Les mots, tous les lecteurs de Maryline Desbiolles le savent, c’est d’eux qu’elle part. Que Djamel se dise effarouché, elle revient sur l’adjectif, puise dans ses racines et part, comme une dératée. Le mot, là non plus, ne tombe pas par hasard. Son premier roman, jamais édité, s’intitulait Le dératé. Toujours une histoire de course et de souffle, et aujourd’hui dans le contexte de la pandémie, du confinement. L’écrivain ne peut rencontrer les témoins, sinon à travers un écran. « Je cours et j’essaie d’attraper des mots au vol », écrit-elle. Et parfois elle se heurte aux obstacles, a l’impression de « marcher sur des charbons ardents ». Ou encore de perdre pied. À un moment parce qu’elle boite, littéralement, à d’autres parce que c’est compliqué : « Je ne sais pas si tout s’embrouille ou si tout se frotte, se marie, s’appareille, je ne sais pas. »
Charbons ardents est de ces livres où l’autobiographie entre en biais, pas pour occuper le cadre, plutôt pour établir les liens. En 1983, la future autrice est étudiante, et « pionne » au collège Maurice-Jaubert de Nice. Elle va au cinéma, nous lisons la liste de ce qu’elle y voyait en octobre. Ce qui est commun à une génération aimant les salles obscures. Au même moment, la Marche, telle qu’en 2021 la lui raconte Fatima Mehallel : « On était une poignée de gamins au départ de Marseille. Plus on marchait, plus on grandissait. Jusque-là, on avait été invisibles. Et voilà qu’on était vus. » L’étudiante regardait autour d’elle, écoutait ce qui se disait, ce qui se taisait, ce qui se hurlait. Parlant avec Djamel Atallah, l’un des « fidèles » (au sens de loyal, sûr) de Christian Delorme, Marilyne Desbiolles s’aperçoit que le père de l’un était, pendant les « évènements » d’Algérie, de « l’autre côté », en face de l’autre. Pour la police de ces années 1980, Djamel restait « le melon » ou « le fellaga ».
Charbons ardents n’est pas un livre isolé dans l’œuvre de son autrice. D’abord parce qu’il se déroule pour partie dans sa région, du côté de Nice, et que, pendant la période d’écriture, les fleuves et rivières débordent, la vallée de la Roya est dévastée, écho lointain de Rupture, un roman publié en 2018. L’autrice lit Isabelle Eberhardt, morte dans un oued algérien en crue en octobre 1904. Comme si les époques se superposaient.
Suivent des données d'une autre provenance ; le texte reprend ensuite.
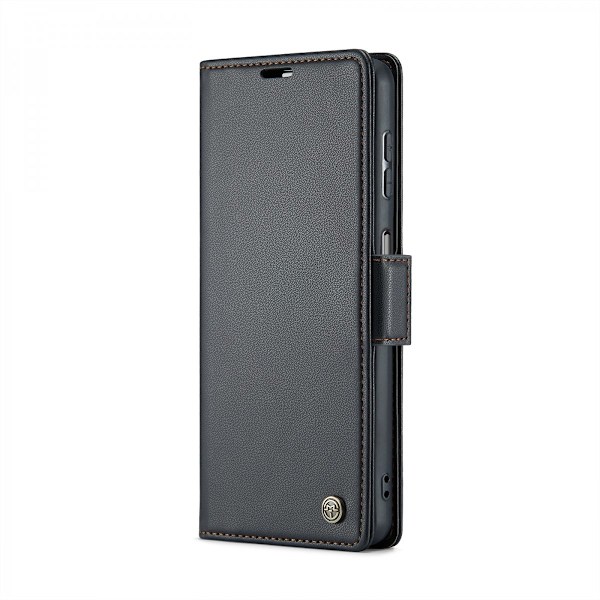CaseMe Slim Pungetui RFID-beskyttelse Samsung Galaxy A15 Sort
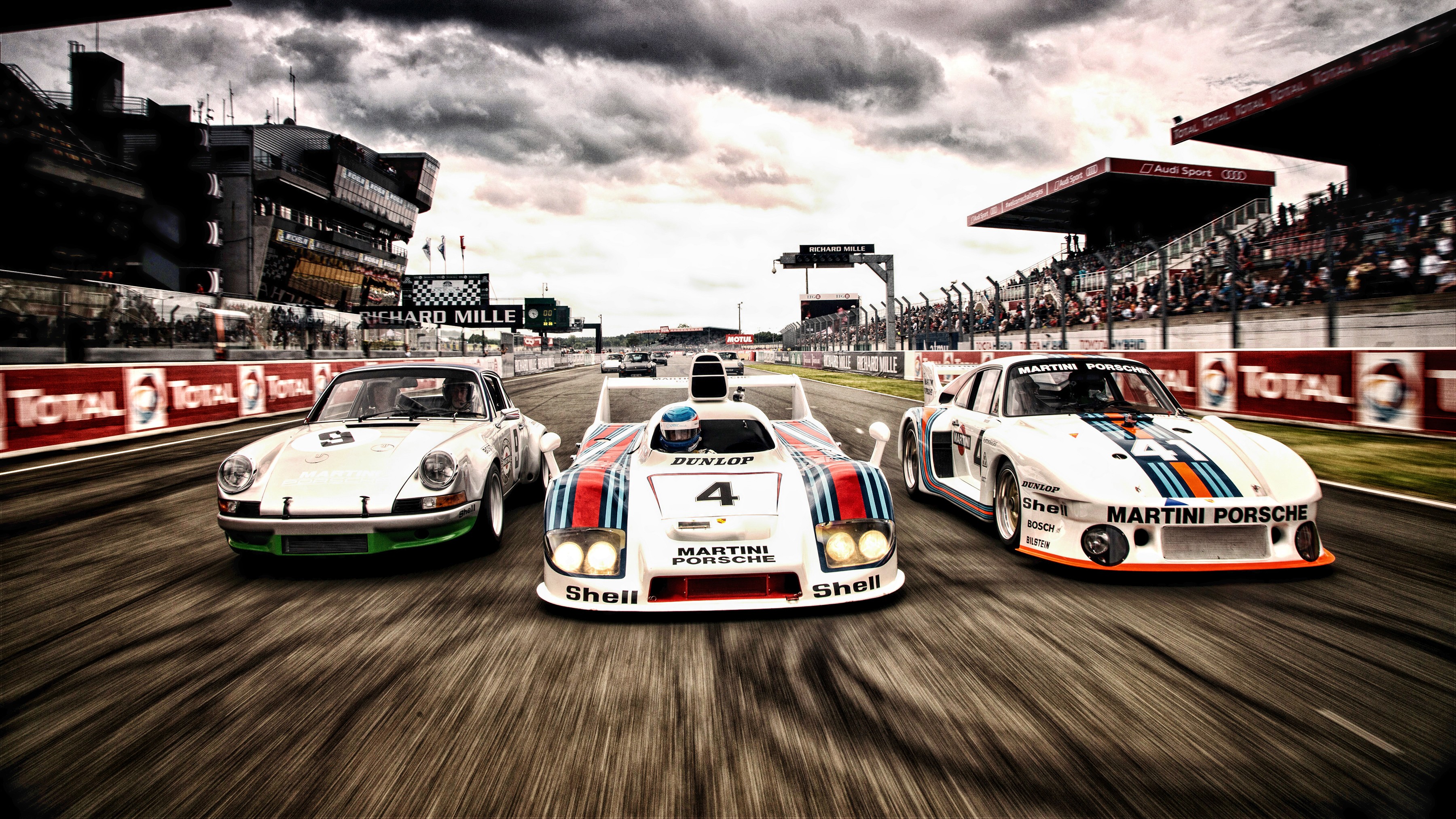 Racing prototype of the Porsche 936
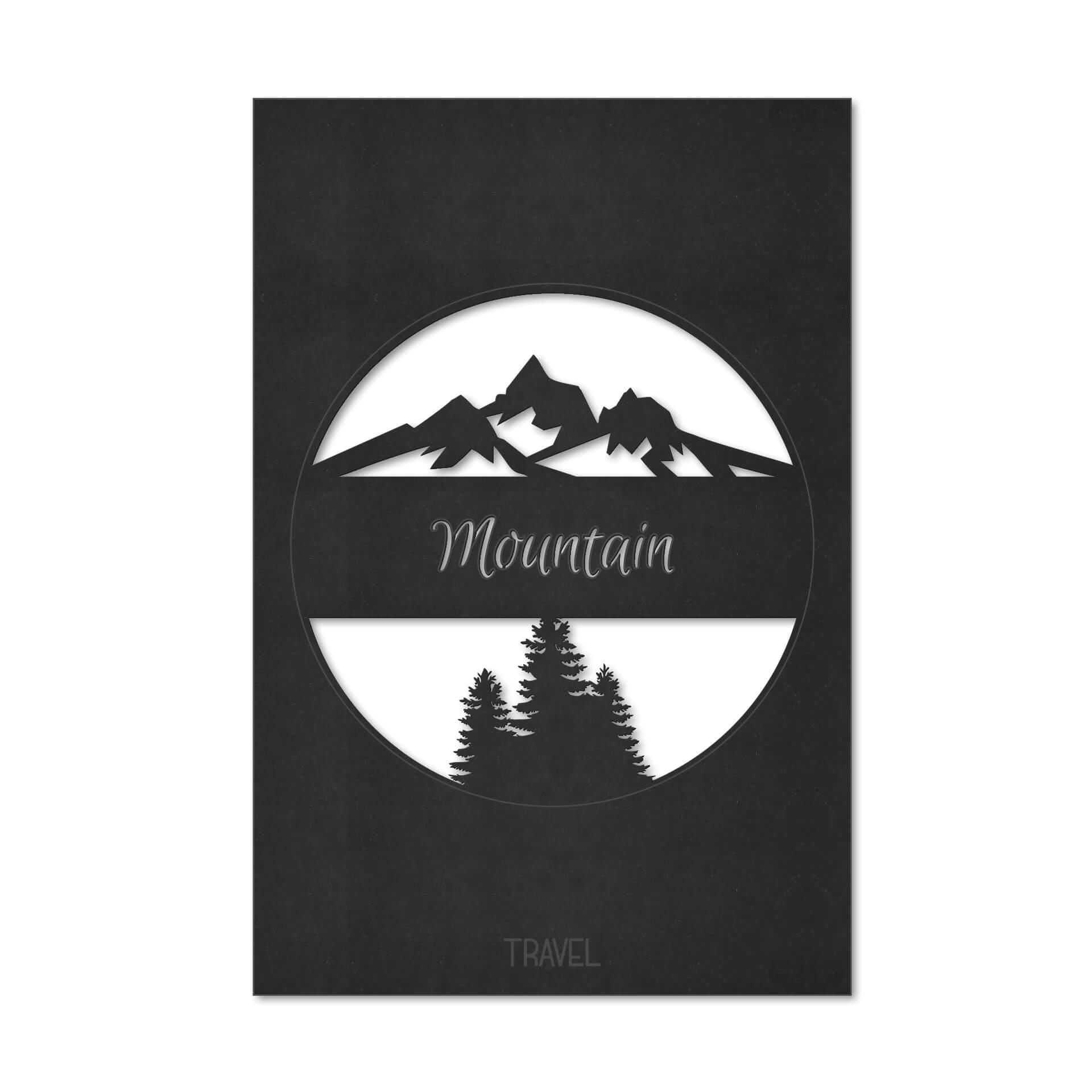 MDF Decoratie Travel Mountain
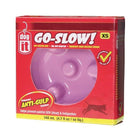Anti-Schling-Napf für Hunde – Go-Slow Rosa 140 ml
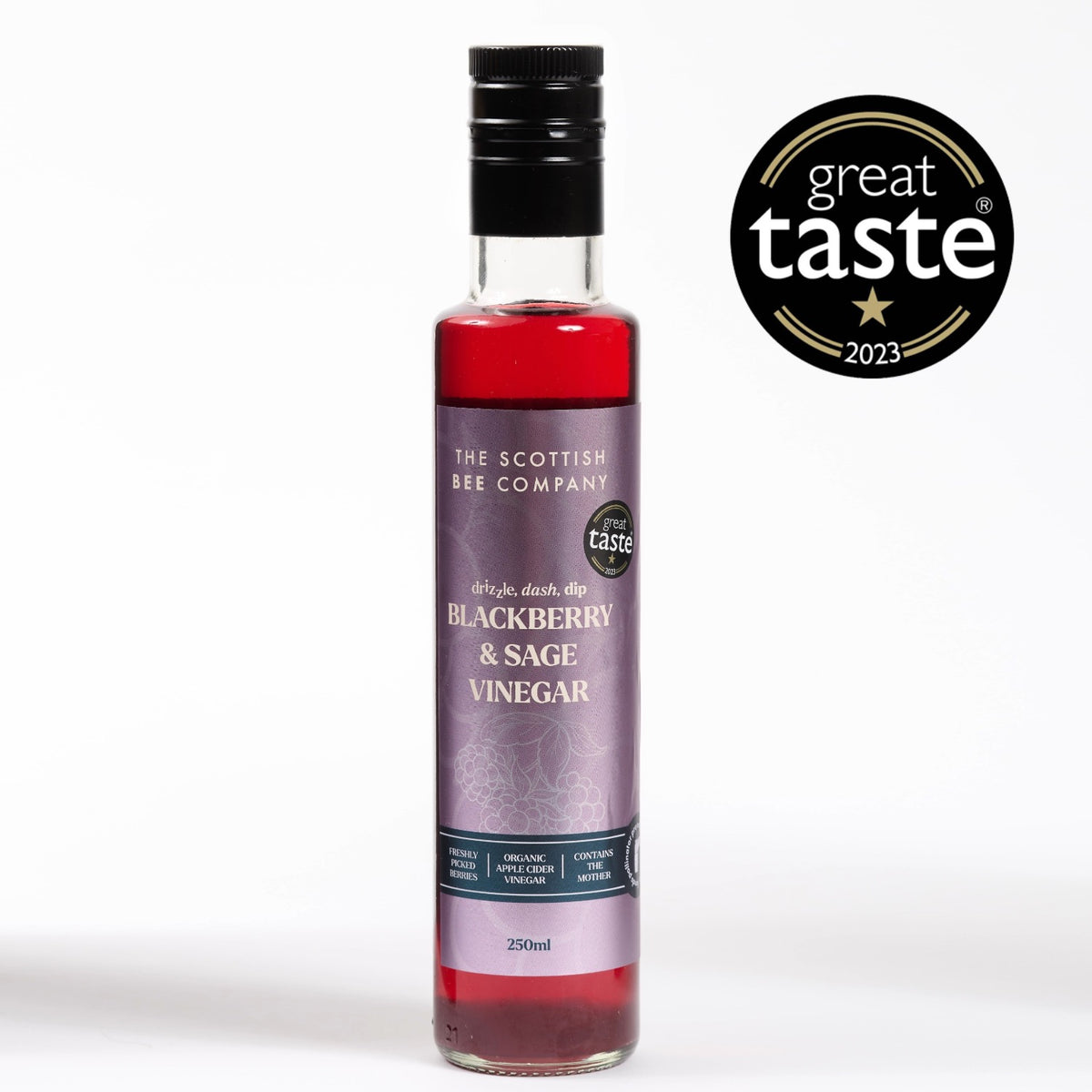 Apple Cider Vinegar Infused with Blackberries &amp; Sage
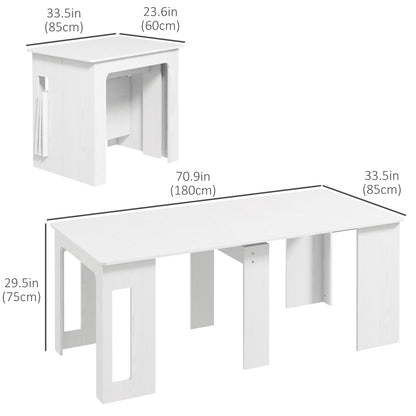 Extendable Dining Table for Small Spaces - White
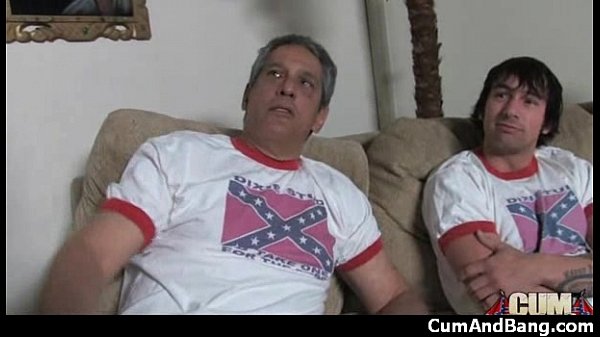 Black chick deepthroats a_group of_white studs and_gets rewarded with cum_3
Mais les livres qui font lien pour celles et ceux qu’elle interroge et qui lui font dès lors confiance, c’est Le beau temps, consacré à ce Maurice Jaubert plus haut cité, et surtout C’est pourtant pas la guerre, l’un de ses plus beaux livres, recueil de paroles entendues dans le quartier de l’Ariane. Dans ce livre comme dans Charbons ardents, et comme toujours, ce sont les plus humbles, les silencieux, les mal aimés que l’on voit et entend. Nous sommes loin des slogans, loin des paroles confites ou gelées, emportés par le flux de la langue, par le flot de ces gens qui marchent : « Ils marchent contre la guerre qui gronde en eux ». Et avec Marilyne Desbiolles nous les retrouvons.